001: The Anniversary Gift
~Nadia's POV~
"Did you actually think I married you for love?"
Adrian's voice was like a sharp cut through the room, and I felt what he said before I even understood it.
I was still standing by the dining table, the one I had spent an hour setting with his favorite wine and the good silverware, like any of that mattered to a man like him.
"Adrian…"
"Answer the question, Nadia."
I looked at him. Two years. Two years of trying to reach someone who had already decided I wasn't worth reaching. "I thought you married me because you wanted a wife," I said, keeping my voice steady. "Apparently I was wrong."
He laughed, but it wasn't a friendly laugh. It was the kind that said he'd already made up his mind about this conversation. "A wife." He crossed the room slowly, hands in his pockets, like we were having a perfectly normal disagreement.
"I married you because I was pressured into it and you were the most convenient option available. That's it. That's the whole story."
Something hurt inside me, but I kept it to myself.
"Then why stay? Two years, Adrian. If I'm so beneath you, why are you still here?"
"Because leaving requires paperwork." He stopped right in front of me. "And you're not worth the inconvenience yet."
I should have walked away. I know that now. Instead I said, "You're a coward."
He slapped me before I could even finish speaking.
I stumbled into the table, knocking over a wine glass. Red wine spilled everywhere, looking like blood on the white tablecloth. I grabbed the table to stop myself from falling, but he wasn't finished. He grabbed my arm and pushed me hard, and I ended up on the floor, gasping for air with my face burning.
He stood over me. Didn't even look angry anymore. Just cold.

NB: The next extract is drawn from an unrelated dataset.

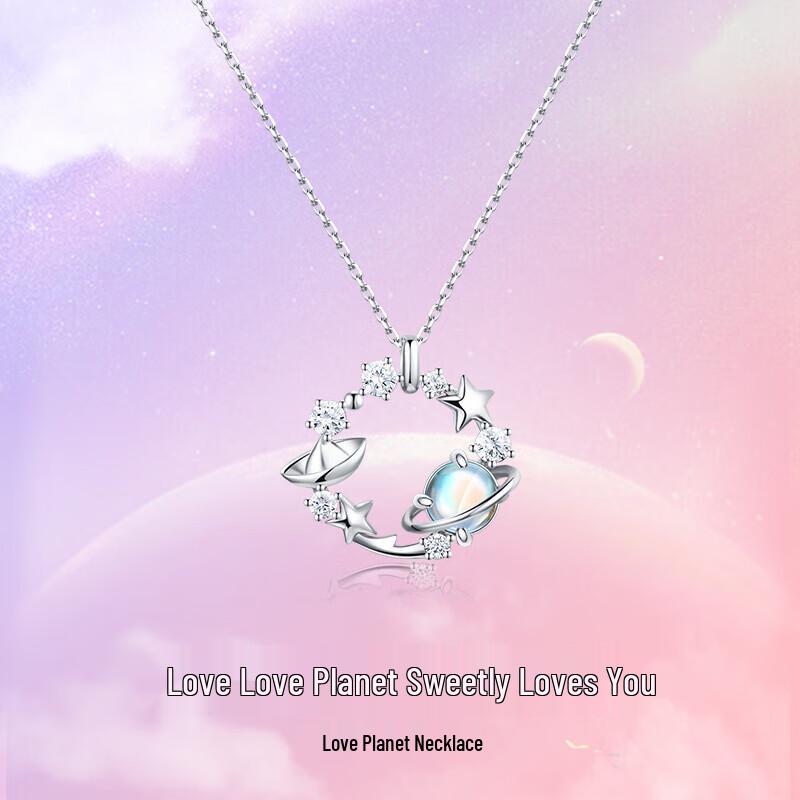 Fanci Love Planet 925 Silver Necklace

"Don't ever call me a coward in my own house," he said.
He straightened his cuff. Picked up his jacket from the chair. And walked out the door without looking back.
The silence after was the loudest thing I had ever heard.

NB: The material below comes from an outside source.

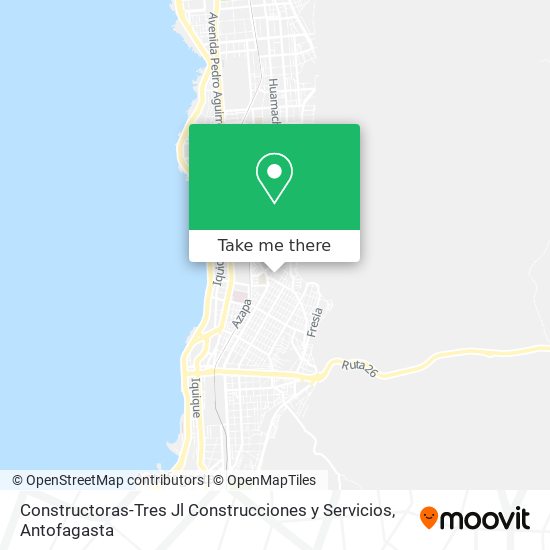 Mapa de Constructoras-Tres Jl Construcciones y Servicios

I stayed on the floor for a while. Not because I couldn't get up, but because getting up felt like agreeing that this was just another thing I would survive and move past. And I was tired of surviving things.
My face hurt. My ribs hurt from hitting the table. I lay there, looking up at the fancy apartment ceiling, and suddenly I was back in that first cage they put me in.
I pulled myself up from the floor.
The plan to get out wasn't something I came up with overnight.
It took eight months of patience, of watching him walk past me like I was furniture, of saying goodnight to a man who never once said it back. Eight months of small purchases paid in cash. Four cameras. One tablet. One cello case that he never touched because he had never once cared about the thing I loved most.
I moved through the apartment with a determination I'd never felt before, like I was done waiting, done being stuck.
Living room camera. Check.
Study cameras. Check.
Bedroom doorway. Check.
Hallway. Check.
I grabbed the tablet from my cello case and saved the recordings from the past 2 years onto a secure drive. Then I put everything back. My lawyer had the financial docs, but I had a secret account with money. He couldn't touch the new password, all mine. Two bags were already packed and waiting in the closet, ready to go.
I had everything I needed.
The clock on the microwave read 2:38 PM when I finished. I stood in the kitchen doorway and looked at the ruined dinner table and the spilled wine and thought, two years. Then I thought, never again.
I turned toward the kitchen, deciding between a drink and a knife, mostly the drink, honestly when I heard it.
The front door clicked.
I went completely still.
My first thought was stupid and immediate: He came back to finish it. My hand found the counter behind me. I wasn't going to the floor again. I didn't care what I had to do, I was not going back down.
The door swung open.
Adrian stood in the doorway.
I stared at him. He looked the same. Same height, same face, same broad shoulders in a dark jacket. But he had one hand behind his back, and his face…
His face was different.
He stepped inside and crossed the room slowly. When he stopped he brought his hand from behind his back.
Flowers. White and pale pink, wrapped simply, the kind someone picks because they're pretty and not because they're expensive.
He held them out toward me with a look in his eyes I had never seen before. Soft. Careful. Like he was afraid I might break.
"Happy second anniversary babe," he said quietly.
I didn't move. Didn't speak. I just stood there looking at him, at this man holding flowers with gentle eyes and a gentle voice, and all I could think was this is the same man. The same hands that put me on the floor two hours ago. The same mouth that told me I wasn't worth the inconvenience. The same face that walked out that door without looking back once.
The same man.
So why did he look at me like that had never happened?